The Hostile Converts (Step 4C) eliminate any theory that relies on the psychology of grief, loyalty, or group dynamics. James and Paul were immune to these factors -- one was a hostile family member, the other was an enemy persecutor. No single psychological mechanism explains both conversions. Their independent testimonies, given at the cost of their lives, rule out the last refuge of naturalistic explanation: that the friendly witnesses were simply seeing what they wanted to see.
The Resurrection Texts (Step 4D) eliminate the legend theory entirely by compressing the timeline to 2-5 years. They also establish that the other three evidence lines -- empty tomb, appearances, hostile conversions -- were publicly claimed, with named witnesses, while those witnesses were still alive. The textual evidence is the anchor that prevents any alternative from appealing to the passage of time as an explanation for how the claims developed.
Verdict
The hallucination theory cannot empty tombs, convert enemies, or create unprecedented theology.
The swoon theory contradicts medical evidence and was demolished by a skeptic (Strauss) in 1835.
The conspiracy theory requires zero defections under torture, the recruitment of hostile outsiders, and women as fabricated witnesses in a patriarchal culture.
The legend theory requires a fully-formed creed with named witnesses within 2-5 years, in the city where the events occurred, while eyewitnesses still lived.
Each theory fails on multiple established facts. Each requires more extraordinary assumptions than the resurrection itself. The resurrection explains all 10 facts, accounts for all 7 mutations, and requires no additional extraordinary assumptions beyond the event itself. It is not one theory among many. It is the only theory that fits all the evidence.

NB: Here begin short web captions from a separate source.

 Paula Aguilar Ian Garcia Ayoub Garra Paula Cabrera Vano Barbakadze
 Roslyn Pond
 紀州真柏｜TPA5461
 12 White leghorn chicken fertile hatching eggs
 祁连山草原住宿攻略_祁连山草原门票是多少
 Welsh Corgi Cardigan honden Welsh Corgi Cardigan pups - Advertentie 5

The Final Verdict: Four theories have been proposed to explain the resurrection evidence without the resurrection. Hallucination cannot empty tombs or convert enemies. Swoon was demolished by a skeptic in 1835 and contradicts modern medicine. Conspiracy requires zero defections under torture and the recruitment of hostile outsiders into a lie. Legend requires impossible speed in a city full of witnesses. Each theory explains some facts and fails catastrophically on others. Only the resurrection explains all 10 established facts, requires no additional extraordinary assumptions, and accounts for the 7 unprecedented mutations in resurrection belief. After 2,000 years of hostile investigation, the resurrection remains the only hypothesis that fits all the evidence.